(About this exercise)
Go through the records below and write each one out again unchanged.

******

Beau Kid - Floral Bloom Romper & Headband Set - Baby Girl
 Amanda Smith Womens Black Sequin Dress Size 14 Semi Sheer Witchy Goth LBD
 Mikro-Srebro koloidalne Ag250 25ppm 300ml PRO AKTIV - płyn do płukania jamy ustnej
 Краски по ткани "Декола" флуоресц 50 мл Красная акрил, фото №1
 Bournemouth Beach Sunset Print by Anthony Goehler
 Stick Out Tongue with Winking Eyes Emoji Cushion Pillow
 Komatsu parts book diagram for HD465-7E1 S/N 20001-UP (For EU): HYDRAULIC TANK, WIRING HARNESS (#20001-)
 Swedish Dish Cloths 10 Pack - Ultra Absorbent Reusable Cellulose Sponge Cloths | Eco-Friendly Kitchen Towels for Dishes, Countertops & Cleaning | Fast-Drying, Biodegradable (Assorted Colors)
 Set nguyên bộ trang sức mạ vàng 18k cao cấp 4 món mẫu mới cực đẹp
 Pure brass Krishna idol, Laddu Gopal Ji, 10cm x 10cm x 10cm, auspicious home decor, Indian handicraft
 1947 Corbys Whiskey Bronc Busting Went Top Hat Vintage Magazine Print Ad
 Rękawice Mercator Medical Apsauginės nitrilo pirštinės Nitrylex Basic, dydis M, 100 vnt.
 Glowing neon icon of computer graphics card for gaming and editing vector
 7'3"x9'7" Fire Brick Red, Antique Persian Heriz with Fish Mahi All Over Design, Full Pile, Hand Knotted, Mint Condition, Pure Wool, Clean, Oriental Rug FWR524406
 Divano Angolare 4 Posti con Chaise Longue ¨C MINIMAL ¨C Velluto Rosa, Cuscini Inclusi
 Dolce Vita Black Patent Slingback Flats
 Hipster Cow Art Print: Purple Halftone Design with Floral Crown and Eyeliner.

******

(Output of the task)
Beau Kid - Floral Bloom Romper & Headband Set - Baby Girl
 Amanda Smith Womens Black Sequin Dress Size 14 Semi Sheer Witchy Goth LBD
 Mikro-Srebro koloidalne Ag250 25ppm 300ml PRO AKTIV - płyn do płukania jamy ustnej
 Краски по ткани "Декола" флуоресц 50 мл Красная акрил, фото №1
 Bournemouth Beach Sunset Print by Anthony Goehler
 Stick Out Tongue with Winking Eyes Emoji Cushion Pillow
 Komatsu parts book diagram for HD465-7E1 S/N 20001-UP (For EU): HYDRAULIC TANK, WIRING HARNESS (#20001-)
 Swedish Dish Cloths 10 Pack - Ultra Absorbent Reusable Cellulose Sponge Cloths | Eco-Friendly Kitchen Towels for Dishes, Countertops & Cleaning | Fast-Drying, Biodegradable (Assorted Colors)
 Set nguyên bộ trang sức mạ vàng 18k cao cấp 4 món mẫu mới cực đẹp
 Pure brass Krishna idol, Laddu Gopal Ji, 10cm x 10cm x 10cm, auspicious home decor, Indian handicraft
 1947 Corbys Whiskey Bronc Busting Went Top Hat Vintage Magazine Print Ad
 Rękawice Mercator Medical Apsauginės nitrilo pirštinės Nitrylex Basic, dydis M, 100 vnt.
 Glowing neon icon of computer graphics card for gaming and editing vector
 7'3"x9'7" Fire Brick Red, Antique Persian Heriz with Fish Mahi All Over Design, Full Pile, Hand Knotted, Mint Condition, Pure Wool, Clean, Oriental Rug FWR524406
 Divano Angolare 4 Posti con Chaise Longue ¨C MINIMAL ¨C Velluto Rosa, Cuscini Inclusi
 Dolce Vita Black Patent Slingback Flats
 Hipster Cow Art Print: Purple Halftone Design with Floral Crown and Eyeliner.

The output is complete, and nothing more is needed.